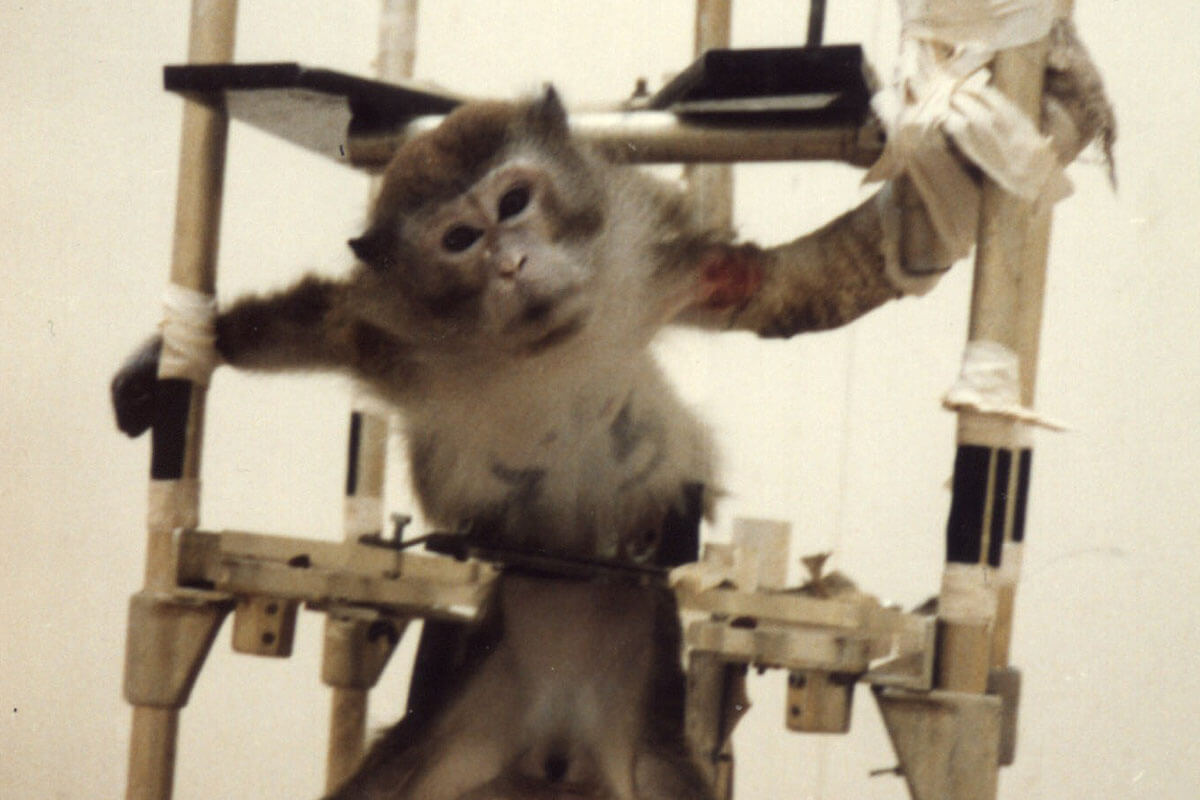 Welche Tierversuche gibt es? Die 6 absurdesten Experimente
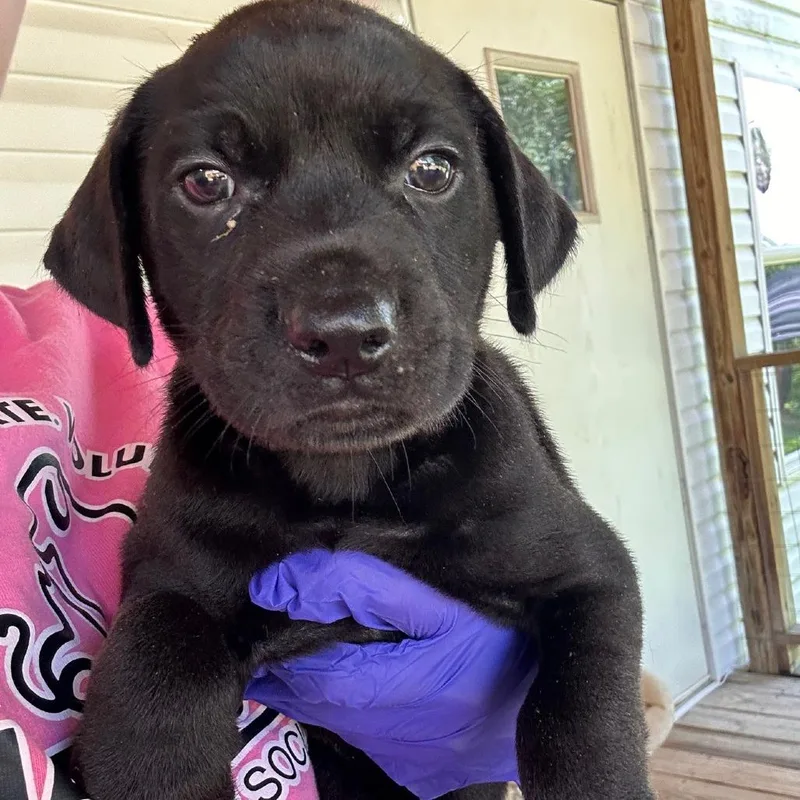 A baby small-sized male Black Labrador Retriever dog named Sushi for adoption in Valley, AL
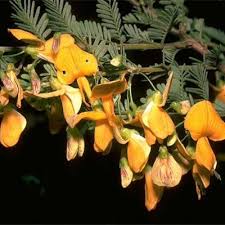 Image result for Aeschynomene megalophylla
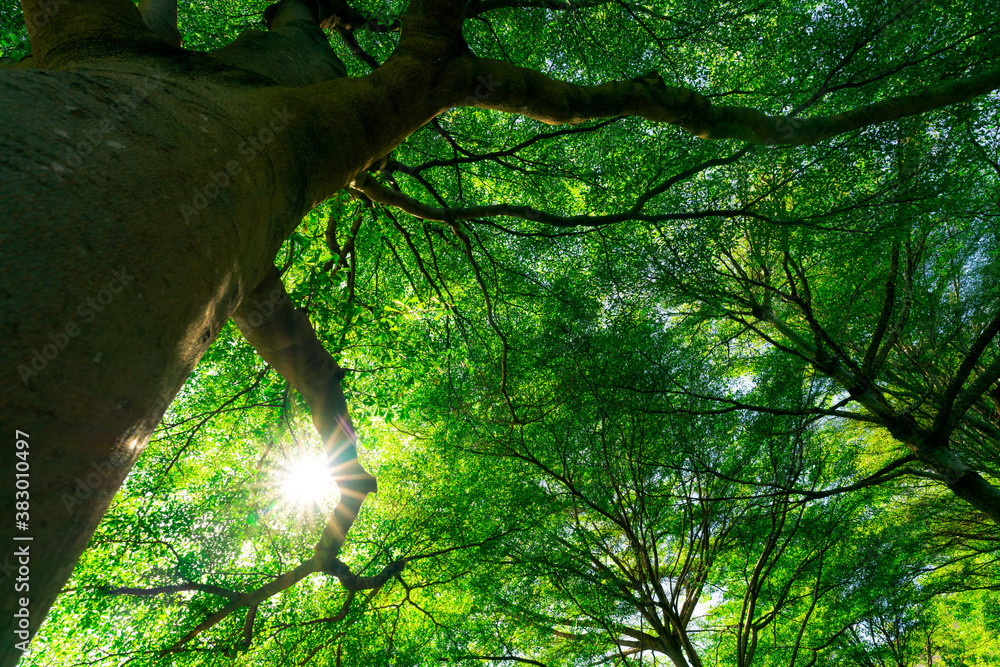 Bottom view of tree trunk to green leaves of big tree in tropical forest with sunlight. Fresh enviro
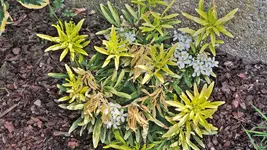 choisya.actez.gold_0007.webp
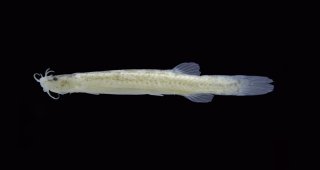 Hyaloglanis nheengatu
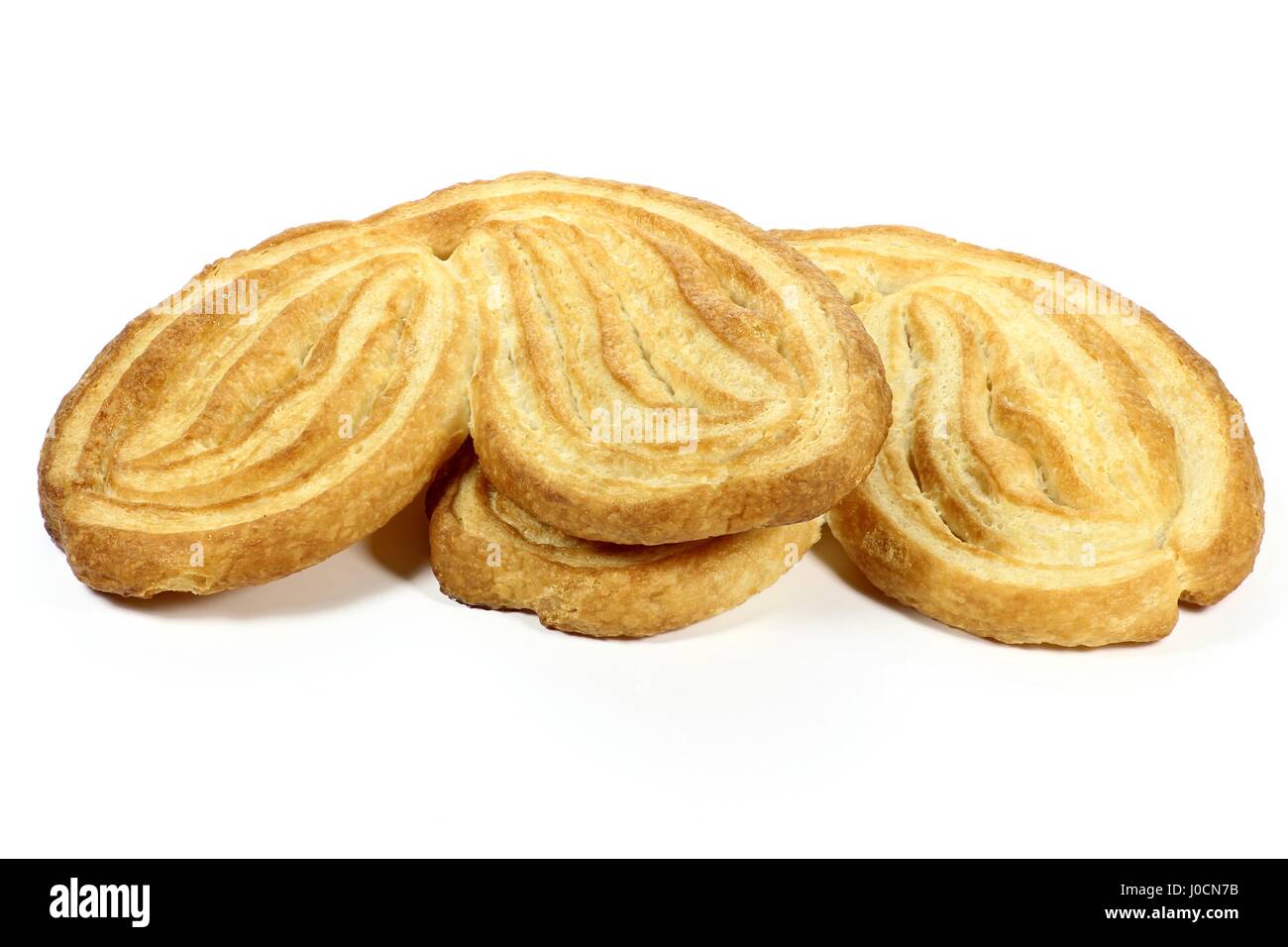 Palmiers isoliert auf weißem Hintergrund Stockfoto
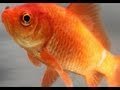 World's Fastest Goldfish! 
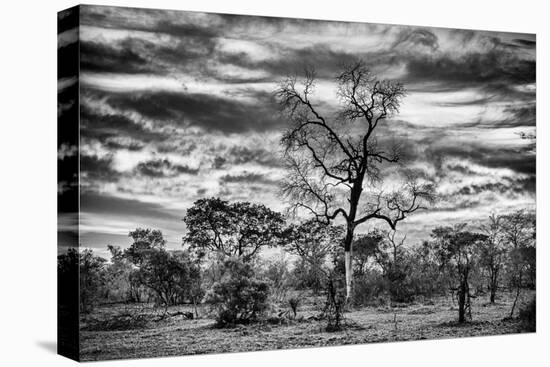 Awesome South Africa Collection B&W - African Landscape with Acacia Tree II-Philippe Hugonnard-Stretched Canvas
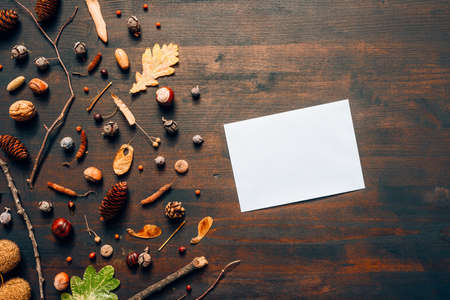 Blank mail envelope mock up top view flat lay with autumn season decorationの写真素材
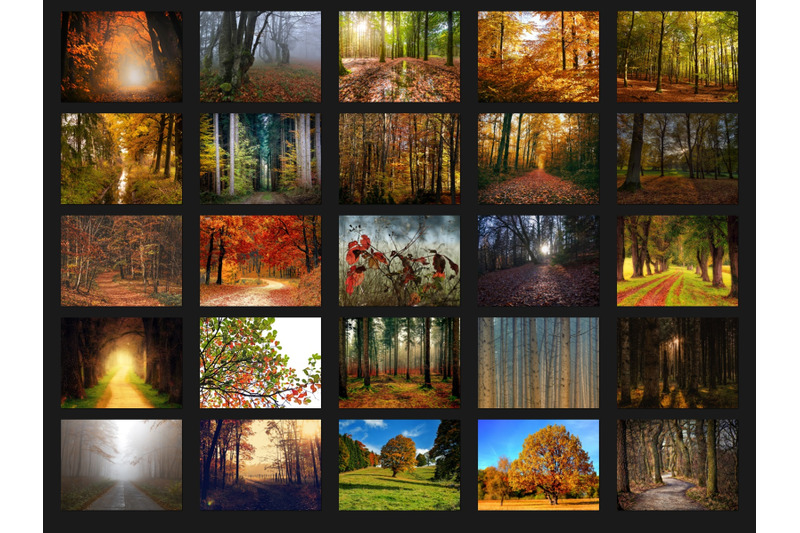 200-high-quality-autumn-trees-forest-digital-photoshop-overlays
-------
YOUR ASSIGNMENT:
Starting at the line that contains "Awesome South Africa", restate every line through the end of the records exactly as written, but leave the pictures out.

WORKED SOLUTION:
 Awesome South Africa Collection B&W - African Landscape with Acacia Tree II-Philippe Hugonnard-Stretched Canvas
 Blank mail envelope mock up top view flat lay with autumn season decorationの写真素材
 200-high-quality-autumn-trees-forest-digital-photoshop-overlays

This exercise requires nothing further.